It wasn’t the welcoming reception that Cardigan MP Lawrence MacAulay expected last Friday at the Kaylee Hall in Pooles Corner. A day earlier, a large ad in The Guardian invited Islanders to attend the event where Mr. MacAulay was to share a good-news “significant roads announcement.” He was to co-star with Paula Biggar - P.E.I.’s minister of transportation, infrastructure and energy - announcing increased federal infrastructure support for provincial highways.
It all seemed like another happy ‘photo op’ for Mr. MacAulay as he delivered more federal cash for P.E.I. There would be smiles, thank yous and happy photos. What could possibly go wrong? Everything, as it turned out.
More than 100 P.E.I. dairy farmers – taking advantage of the open invitation - showed up to voice displeasure with the federal minister of agriculture for what they consider a betrayal and sell-out of their industry. They tried to drown out the minister when he began to speak - voicing their concerns over the revised trade deal which allows the U.S. limited access to Canada’s dairy market.
Canadians were assured that no NAFTA deal was better than a bad deal. Dairy, egg and poultry farmers will dispute that assertion today. The agreement was good for the auto industry and even other agriculture sectors – Cereals Canada voiced its support, for example. But not for dairy, eggs and poultry. It seems they were sacrificed to get a deal on a very tight deadline.
The trend to approve concessions on dairy started with the CETA deal with Europe, then TPP with Pacific rim countries and now the revised NAFTA deal. It was Mr. MacAulay’s responsibility to defend those sectors. He didn't. He promised on multiple occasions that the federal government would protect dairy and other supply-managed agriculture industries. It’s true that our supply management system remains, but it’s also evident that system is being seriously eroded.

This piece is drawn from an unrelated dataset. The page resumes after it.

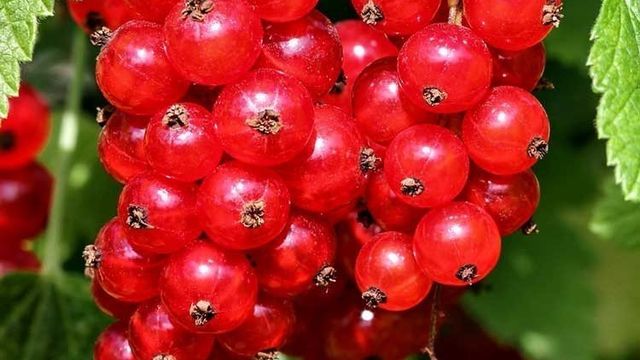 Красная смородина — сорта с описанием для выращивания в различных регионах России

To his credit, Mr. MacAulay staunchly defended the government’s decision and told dairy farmers he would support the deal in Parliament. He argued that Canada needed the deal; it was the best deal possible; and had to be done to avoid serious economic harm to other Canadian industries. That all may be true, and that changes were inevitable, but it's small comfort to dairy, egg and poultry producers who must bear financial hits.
Now it’s time for Mr. MacAulay to ensure those sectors are truly protected and not subjected to further international trade attacks. He must negotiate suitable compensation for affected agriculture sectors - although taxpayer handouts are far from what farmers sought. U.S. President Donald Trump had to pay billions in compensation to American farmers hit hard by his decisions to hike tariffs against China. Mr. MacAulay has let Canadian farmers down several times now on key trade deals. It’s time to make amends.
Oh yes, that highways announcement last Friday provides $3.5 million for rural P.E.I. roads, which will help get milk, eggs and chickens to market. It was small consolation to those farmers present at Pooles Corner.